Mass customisation of content
With the launch of MSN Spaces today (as widely reported in the blogosphere), I've been contemplating the mass customisation of content.
MSN Spaces (which seems to be the Powerpoint approach to blogging) is a very powerful concept. Provide a tool that thousands of people a day will use to start communicating, and what do you get? A facility for mass customisation of networked content that all shares much the same general shape and structure. (Of course, this is done by Blogger as well and others.)
Weblogs in general have the same principles, as does indeed the web at large, but with progressively looser degrees of conformance between different content items.
Why should the general shape/structure of content be interesting?
Well, the answer comes down to the degree to which more implicit information can be extracted from it.
The cleverness associated with Google arose because they extracted some of this implicit structure from the general morass of the web (namely recurring patterns associated with hyperlinks) to more effectively calculate relevance to our information needs.
Now the web is a pretty loose association of content, syntactically strung together just with hyperlinks. The folks involved in the Semantic Web (TIm Berners-Lee no less) are working towards a substrate for recording networked information that will embed meaning (semantics) into the very descriptions of the content. (For example, it might include information that a piece of content is a photo, and that this is a collection of photos belonging to me, and that I'll license people to use them under the Creative Commons license.)
My suspicion is that it's going to be a long time before we see the web in full semantic web glory, if ever. Why? Because I don't believe most of us are librarians - cataloguers - and that's what you need to be good at. (Not to mention the known problems of using a taxonomy.) So the tools for creating semantic web content had better be good, and there's never going to be a general purpose tool that's useful, because content is intrinsically mass customised.
That's why content-specific applications, like MSN Spaces (which let you nominate content as: this is my blog and these are my posts, these are my lists and here is a list item, this is my photo album, and here are my sections, here are my photos; and here are names for all of these things) are gold for finding more implicit structure and messy meaning, without the formal rigour of the semantic web.

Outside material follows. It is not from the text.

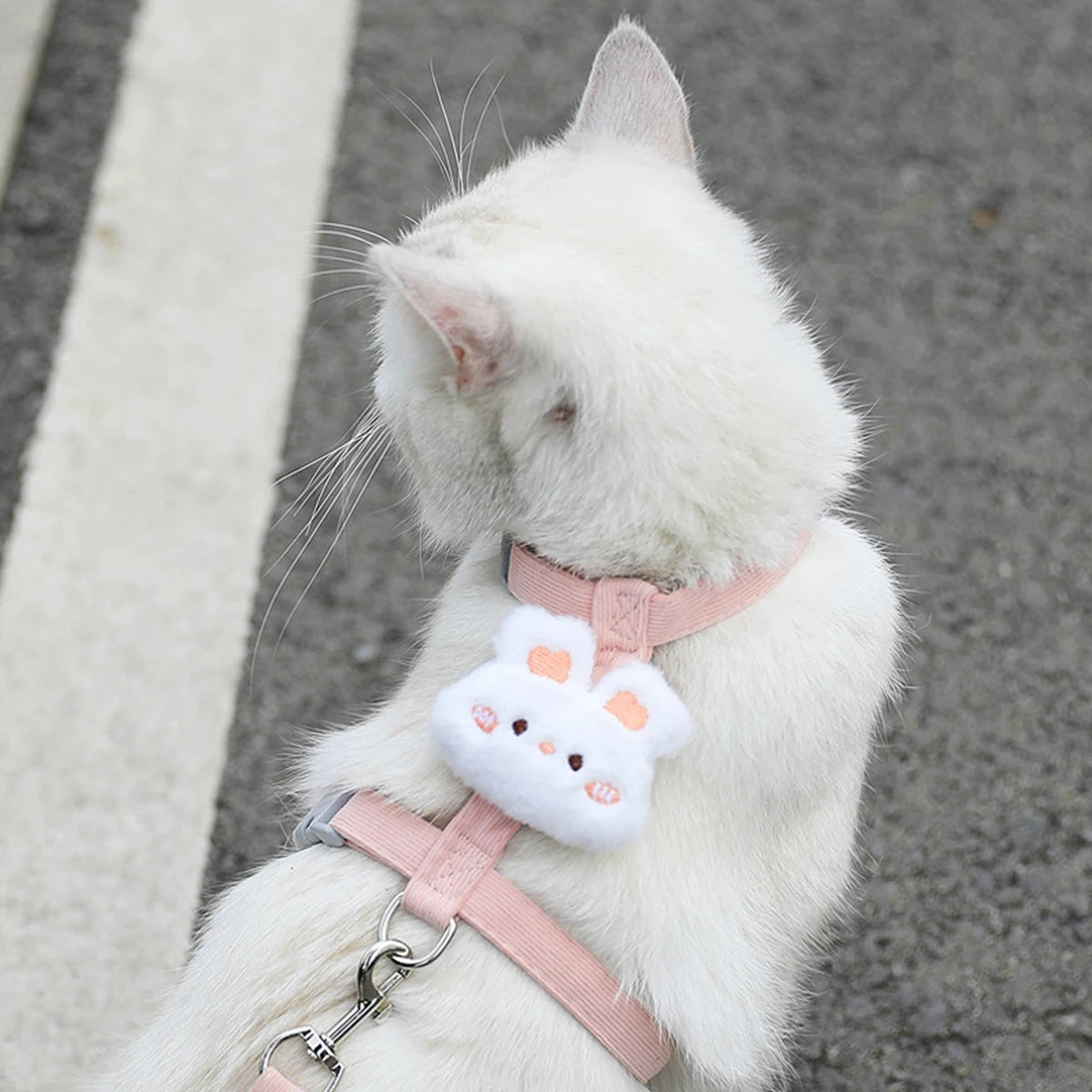 Breathable Mesh Cat Harness and Leash Set with Cute Straps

Of course, to make use of the patterns that are associated in this implicit structure, you really need access to a very large computing facility. Because the volume of data we're talking about is huge, and growing bigger at a staggering rate. The recent article about Google's Urs Holzle describing the technology challenges gives some indication of how much computing power and system management capabilities is needed to throw at what is a comparatively straightforward and embarrassingly parallel computing problem. In fact, I suspect there's only a handful of companies in the world (Google, Microsoft, Yahoo!, Ebay, Amazon) who know how to run such computing systems.
And preferably, you also need access to all the user data associated with how people interact with any service you provide over this content.
That's why if you're trying to understand what people do when they search, you need a really big search engine (Yahoo! or Google or MSN Search).
If you're trying to understand what information people need to buy a product, you need a really big shop (Amazon or Ebay).
The bigger you are, the more data you have, and the better service you're going to be able to offer.
That's why MSN Spaces is a smart idea for Microsoft, and even smarter to tie it all in with their other technologies, like Windows Media Player and MSN Messenger. It's not that they couldn't integrate with other open technologies for these facilities, but they can get better instrumentation of the flow of interaction between various communication products that they provide with the hundreds of millions of people who use them. And long term, it's owning that knowledge which delivers you power in the technology arms race.